Occhi chiusi spalle al mare
- Autore: Donato Cutolo
- Categoria: Narrativa Italiana
- Anno di pubblicazione: 2017
La colonna sonora di “Occhi chiusi spalle al mare” l’ultimo lavoro di Donato Cutolo si apre con un brano intitolato “κοινὴ”, aggettivo che in greco significa “comune”, termine usualmente utilizzato per indicare il greco d’età ellenistica, una “lingua comune” e unica diffusa in tutti i territori che si affacciavano sul Mediterraneo centro-orientale. I brano sono composti ed eseguiti da Rita Marcotulli, tutti fino all’ultimo, corale, scrigno che racchiude la chitarra di Fausto Mesolella. La storia è una come tante, una di quelle di cui si riempiono le nostre cronache ormai da tempo: la storia di uno sbarco di profughi siriani, ma radicalmente diversa dai racconti a cui siamo abituati. Il risultato è un’opera densa, piacevole, stilisticamente semplice ed elegante (notevole la tecnica utilizzata per l’intreccio), priva di pietismi e di morbosità.

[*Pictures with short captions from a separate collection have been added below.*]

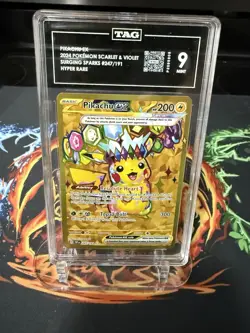 TAG 9 Pikachu ex 247/191 Sv08: Surging Sparks Hyper Rare Holo Pokemon TCG - Image 1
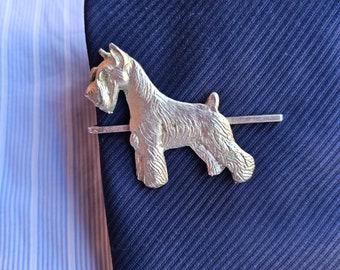 Pince à cravate Schnauzer réaliste - Accessoire pour chien plaqué argent pour tenue de gentleman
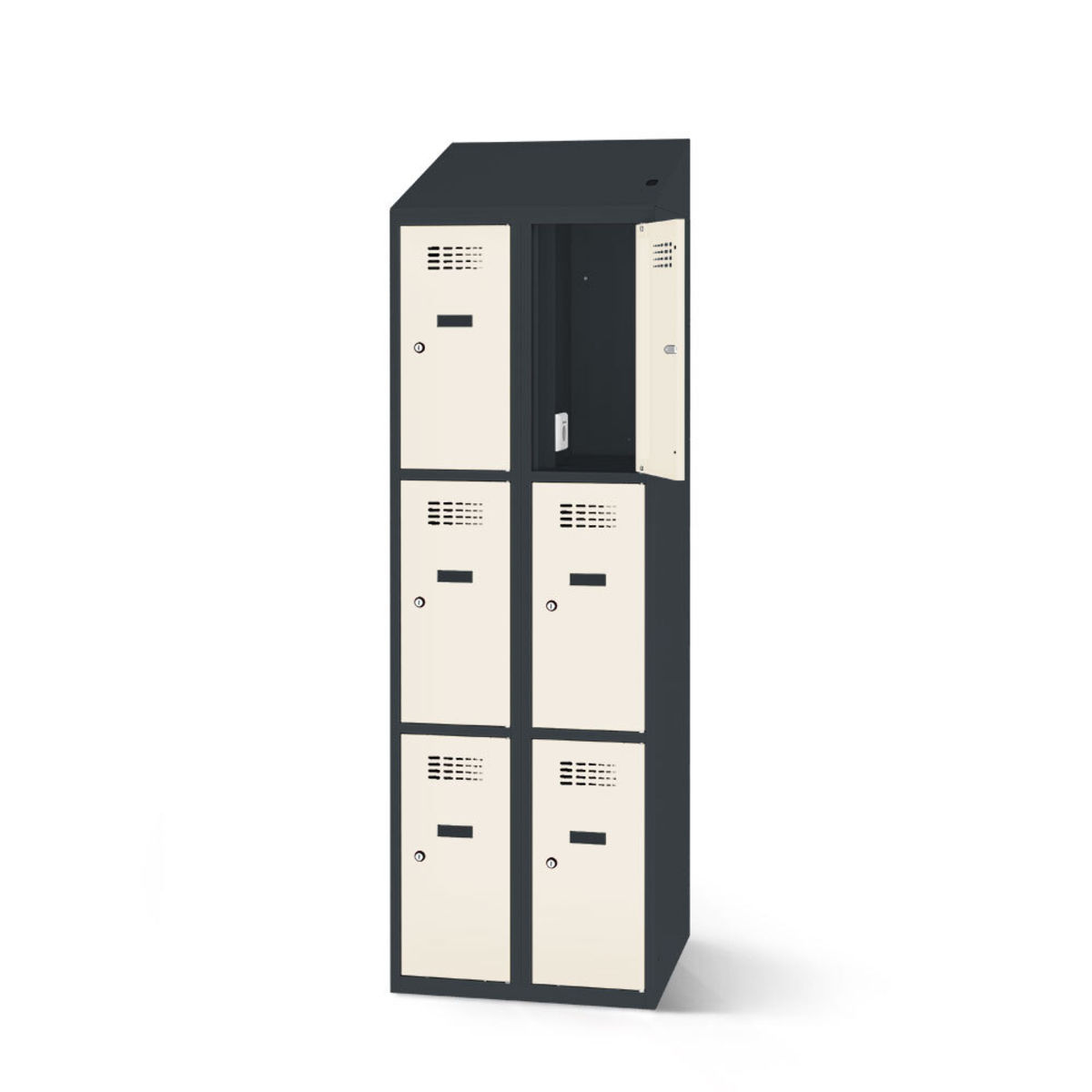 rotstahl Fächerschrank mit Ladefunktion 6 Fächer mit anthrazitgrauem Korpus 80x200 cm (BxH); weiß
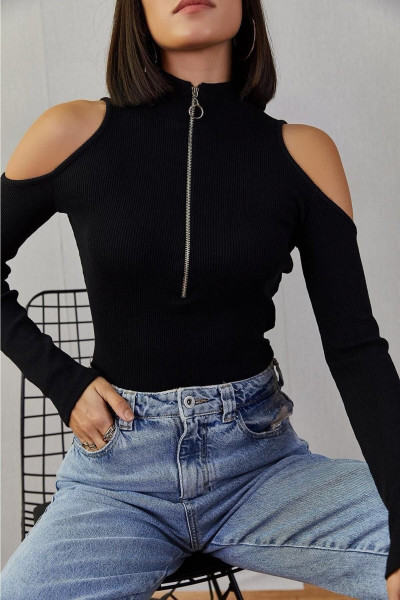 Omuz Detaylı Fermuarlı Fitilli Esnek Bluz Omuz Detaylı Fermuarlı Fitilli Esnek Bluz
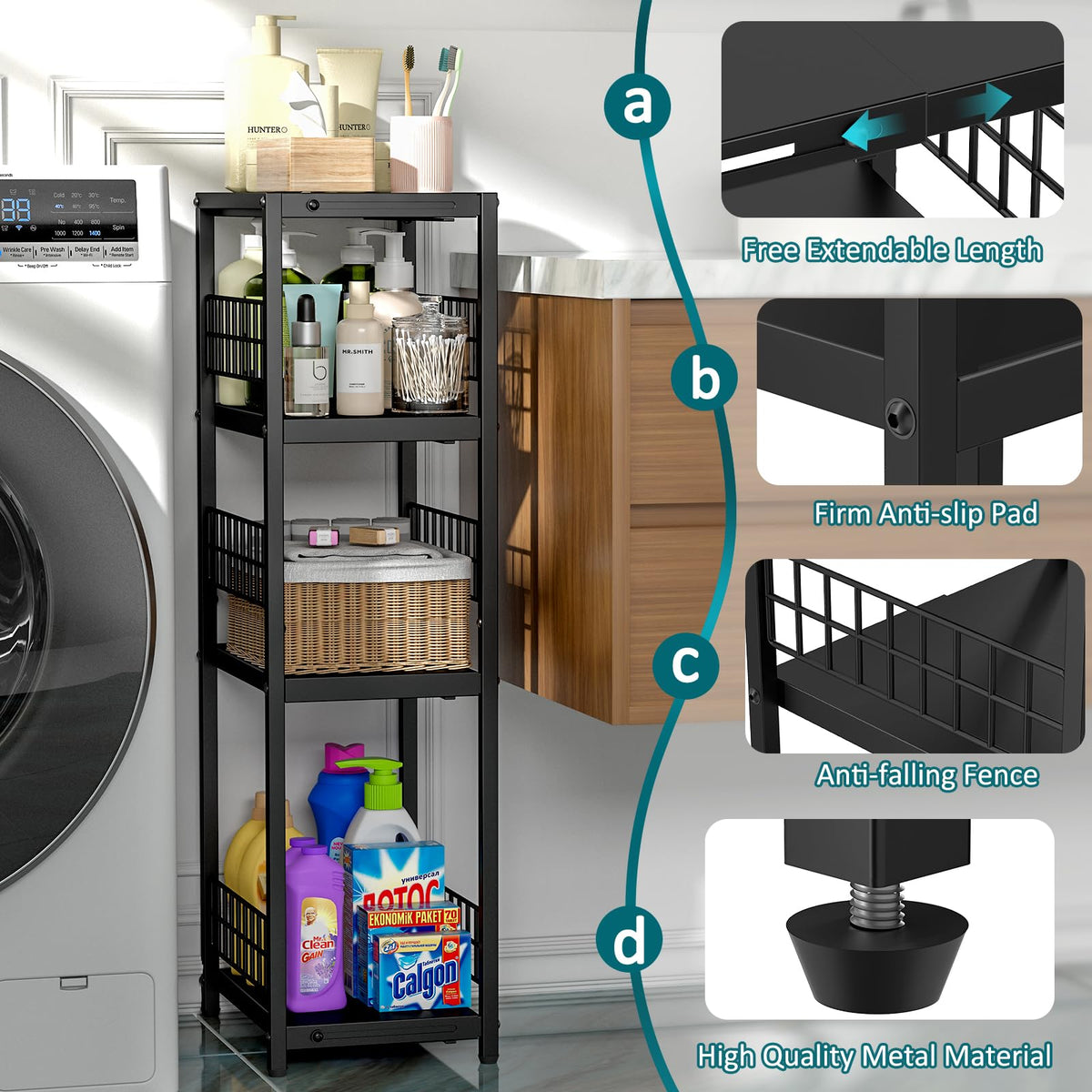 DAOUTIME easy-assembly shelving with included tools for quick setup.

“Il sole, quel pomeriggio, era ancora abbastanza alto. Le giornate indossavano vestiti più lunghi e luminosi, la bella stagione si insinuava lentamente tra i vicoli profumando la città”.
È un racconto che vuole ammonirci: dobbiamo ascoltare la nostra umanità, conoscere la nostra storia e agire con coerenza e rispetto. Dobbiamo, in nome di un’etica che troppo spesso dimentichiamo di avere e in nome di una legge di natura che scontata non è: il benessere è destinato a finire e a non appagarci, se non ce ne serviamo per far del bene a chi ci è accanto. È una celebrazione di valori che quasi mai trovano spazio nei racconti veloci e lapidari di un elenco di dispersi al telegiornale. Soprattutto, è una storia che parla di noi. Non c’è un incontro di culture, né due mondi che vengono a compromessi: sul palcoscenico troviamo anime, corpi, lacrime, ferite, paure, carezze, sorrisi. Non è l’Occidente, il mondo in pace apparente, a salvare dei corpi senza speranza. La luce è diversa in questo racconto: è una salvezza reciproca, un reciproco scambio, una vicendevole affermazione di promesse e gratitudine. Donato Cutolo scrive a una società distratta o satura, facendoci aprire non solo gli occhi sulla verità, ma spingendoci a farlo a cuore aperto, di fronte ad uno specchio che riflette la nostra Storia e la nostra natura.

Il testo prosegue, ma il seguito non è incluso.